YOUR OBJECTIVE: Once you reach the line containing "Waterproof Reflective Hooded" in the entries below, write out that line and each one after it down to the line containing "Glass Bead and", exactly and with nothing added.

RECORD EXCERPTS:
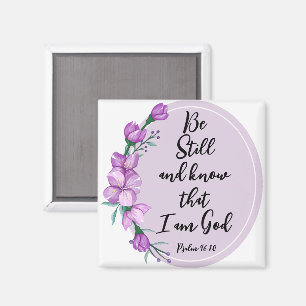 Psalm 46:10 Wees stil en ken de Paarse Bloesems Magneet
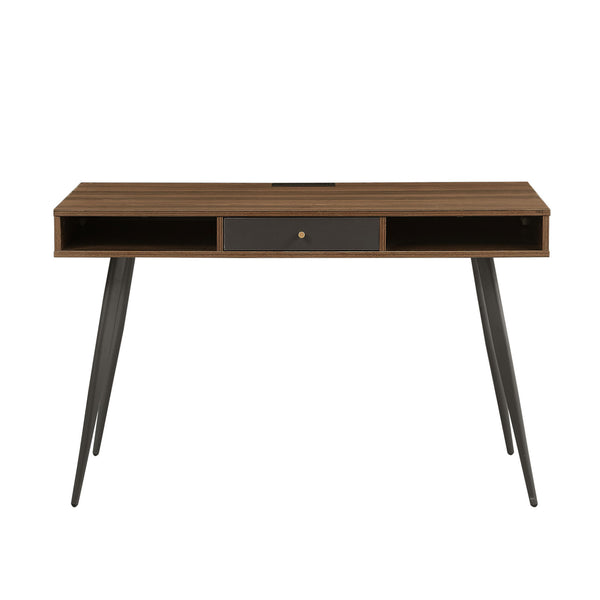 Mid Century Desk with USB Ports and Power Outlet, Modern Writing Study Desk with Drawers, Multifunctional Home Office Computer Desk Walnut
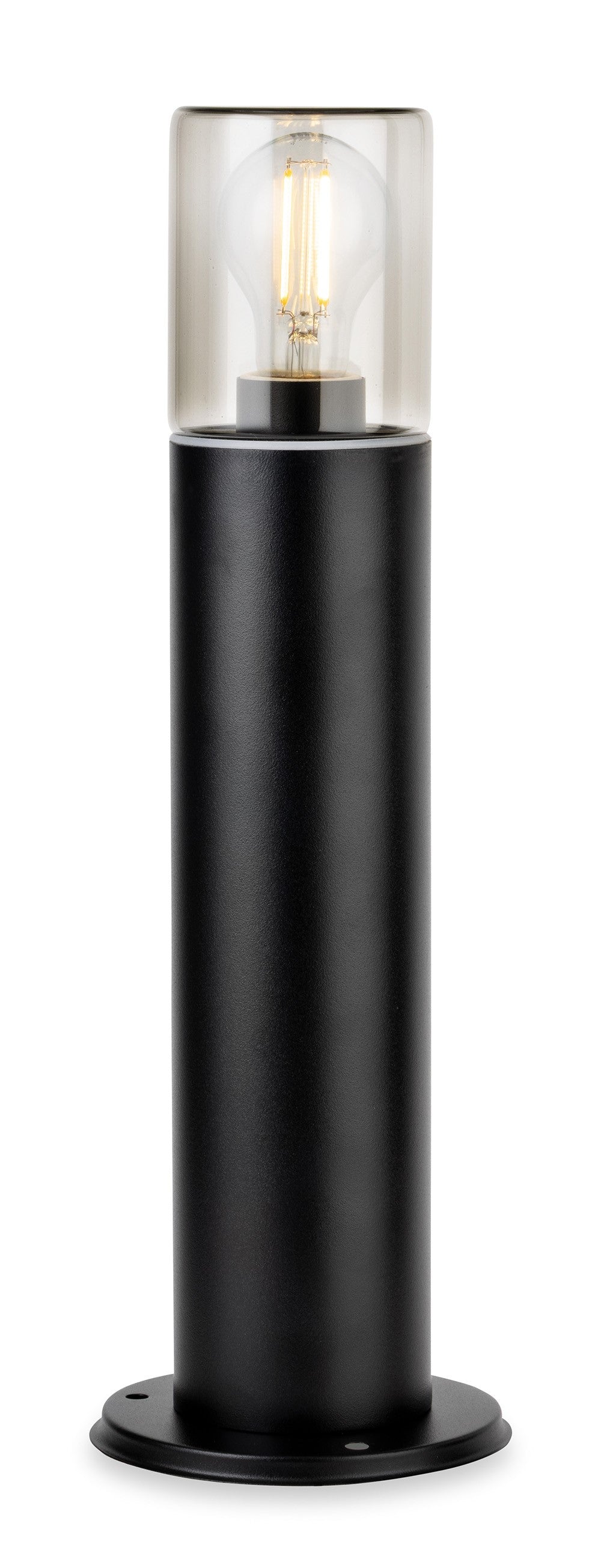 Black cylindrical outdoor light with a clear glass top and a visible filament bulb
---
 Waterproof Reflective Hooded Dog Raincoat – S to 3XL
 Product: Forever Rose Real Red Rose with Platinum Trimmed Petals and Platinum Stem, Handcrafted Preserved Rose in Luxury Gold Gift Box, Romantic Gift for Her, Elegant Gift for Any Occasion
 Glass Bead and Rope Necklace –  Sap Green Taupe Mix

SOLUTION TO THIS TASK:
 Waterproof Reflective Hooded Dog Raincoat – S to 3XL
 Product: Forever Rose Real Red Rose with Platinum Trimmed Petals and Platinum Stem, Handcrafted Preserved Rose in Luxury Gold Gift Box, Romantic Gift for Her, Elegant Gift for Any Occasion
 Glass Bead and Rope Necklace –  Sap Green Taupe Mix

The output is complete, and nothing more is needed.